Un événement cette saison, le passage de la barre des 50 puis des 60 dollars. On en profite pour re-analyser comment ça marche.
On se souvient que la dernière fois "on" (tout le monde en général) avait présumé de la hausse brutale du pétrole qu'elle signifiait qu'il se raréfiait, qu'on était bientôt à court. Ou une analyse à court terme du genre.
Il n'en était rien.
Il fallait voir dans la flambée du secteur entier des matières premières et du pétrole en particulier, la matière première reine, un symptôme du tsunami des subprimes qui a renversé l'échiquier de wall street et qu'"ils" avaient vu venir, reportant leurs liquidités sur un marché lucratif pour protéger leurs arrières. Ce "ils" représentait une catégorie bien surprenante: des fonds de pension, des universités privées américaines, des fondations charitables, des musées, des hôpitaux, des municipalités!

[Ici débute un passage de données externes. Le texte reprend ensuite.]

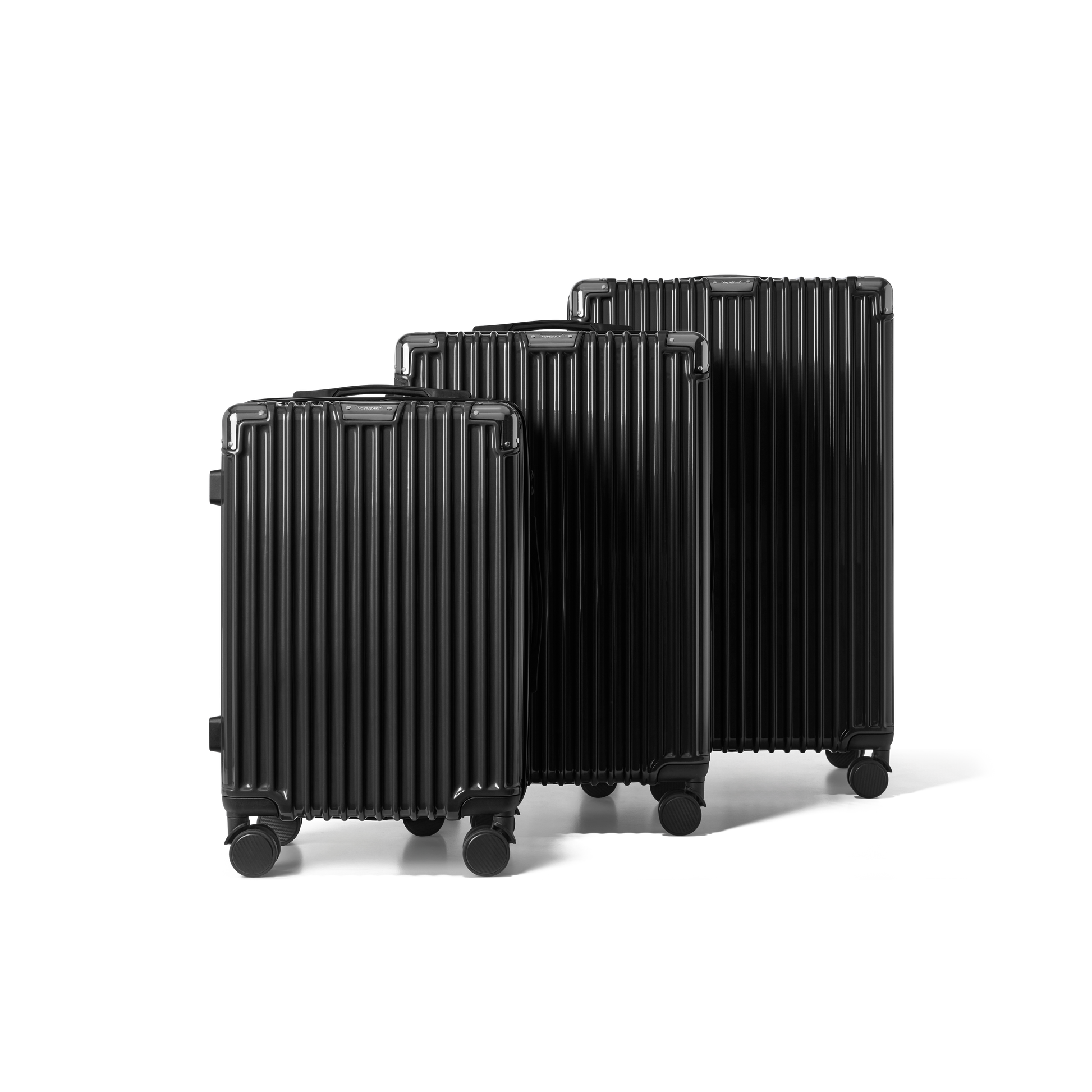 Kofferset 3 delig Zwart S / M / L Classic | Voyagoux voorkant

Des émeutes de la faim, des grêves de chauffeurs routiers et de marins pêcheurs furent provoquées par des spéculateurs "si honteux de la situation" hum, hum, à la fin juillet qu'ils se retirèrent en masse et aussi brutalement du jeu qu'ils s'y étaient réfugiés.
Et en ce moment on ne peut nous redonner la théorie de l'assêchement des puits de pétrole pour justifier l'appréciation du cours de light sweet crude depuis février 2009. Chat échaudé craint l'eau froide.
Je cite un article du monde aujourd'hui:
"On attribue la grosse partie de la hausse à la reprise des marchés d'action, aux accès de faiblesse du dollar et aux prévisions économiques moins sombres..."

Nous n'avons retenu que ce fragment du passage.